Dissident Iranian director Jafar Panahi is reported to have left Iran for the first time in 14 years, following the lifting of a travel ban imposed on him in 2009.

Panahi’s wife Tahereh Saeedi posted a picture on Instagram on Tuesday night showing her arriving with her husband at an undisclosed airport.

The post was captioned: “After 14 years, Jafar’s ban was cancelled and finally we are going to travel together for a few days…”

There is no information on where the picture was taken, although there have been suggestions on social media that the backdrop is a French airport – fuelling speculation that Panahi, 62, could be one of the jurors at next month’s Cannes Film Festival.

Panahi was temporarily released from the notorious Evin Prison last month after going on a hunger strike to protest “the illegal and inhumane behaviour” of Iran’s judiciary.
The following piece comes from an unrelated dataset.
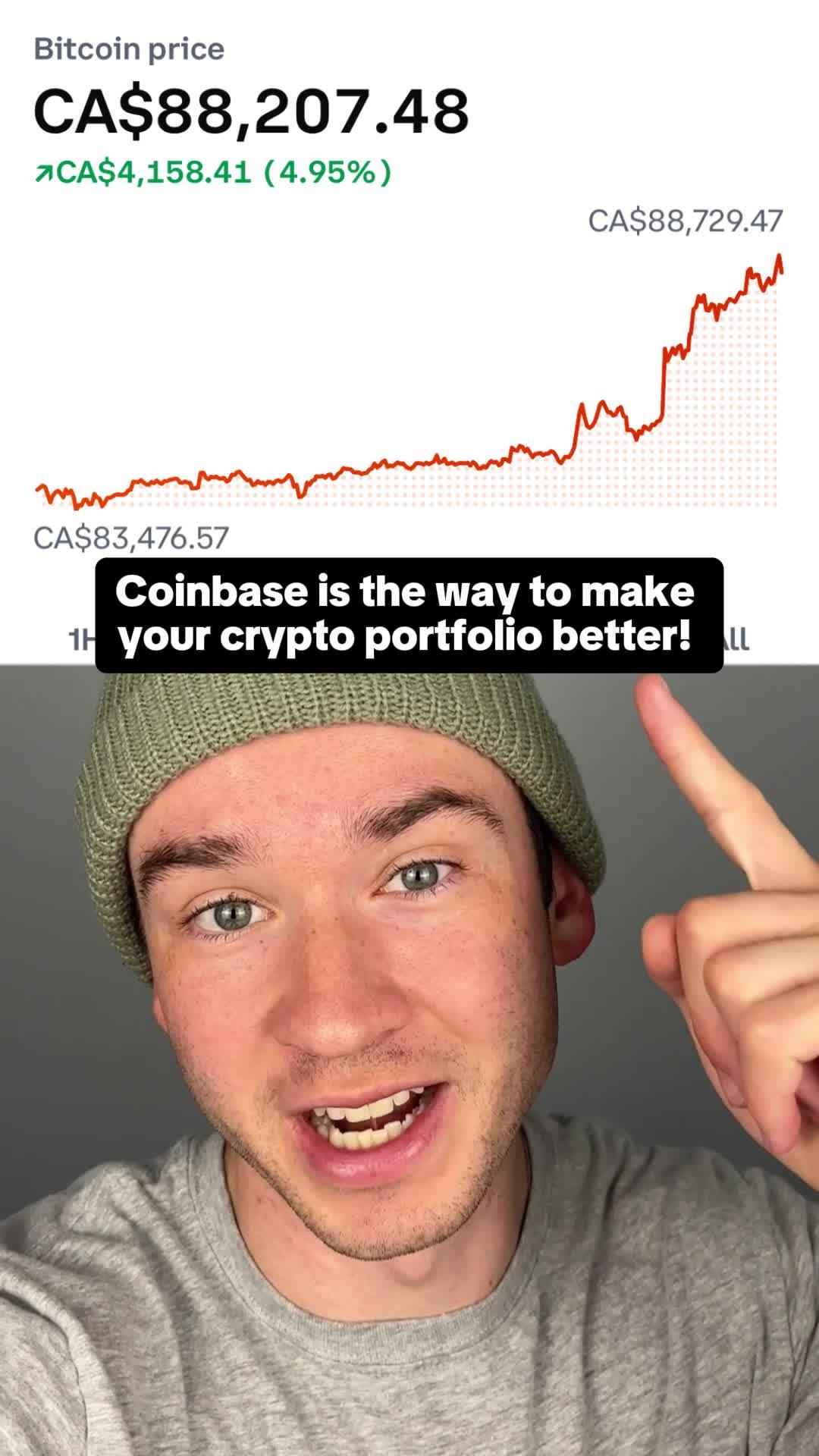 Hey Canada! Trade Crypto with Zero Deposit Fees on Coinbase App!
He was out on bail.

The director was arrested last July in Tehran in the wake of the country’s conservative government crackdown. Panahi had gone to the Tehran’s prosecutor’s office to follow up on the situation of fellow dissident filmmaker Mohammad Rasoulov, who had been incarcerated a few days earlier after signing an appeal against police violence. Once Panahi arrived at the prison, he was told by guards that he had an outstanding prison sentence dating back 10 years that barred him from making films, and he was arrested again for "propaganda against the system".

During his time inside, the “**Woman Life Freedom**” protests broke out in Iran in September following the death of a 22-year Kurdish Iranian woman Mahsa Amini while in the custody of the country’s morality police for not wearing her hijab correctly.

The director’s films (The Circle, Taxi Tehran, and his most recent, No Bears) have drawn retribution from the Islamic Republic. He has spent most of his filmmaking career in the crosshairs of Iran’s authoritarian government and has not been able to leave Iran since 2009.

Despite being legally barred from travel and filmmaking, Panahi continued to make films in secret, smuggling his work out to appear in international festivals.

His 2011 film This Is Not a Film was smuggled out of the country on a USB drive hidden inside a cake and then shown at the Cannes Film Festival. In 2013, he won the Silver Bear at the Berlin film festival for Closed Curtain, and then the festival’s top prize in 2015 for Taxi Tehran. He also won the best screenplay award at Cannes for 2018’s 3 Faces and received acclaim for 2022’s No Bears, which screened at the 2022 Venice Film Festival when the director was already behind bars. It won the Special Jury Prize. An empty seat was left for Panahi at the press conference out of protest.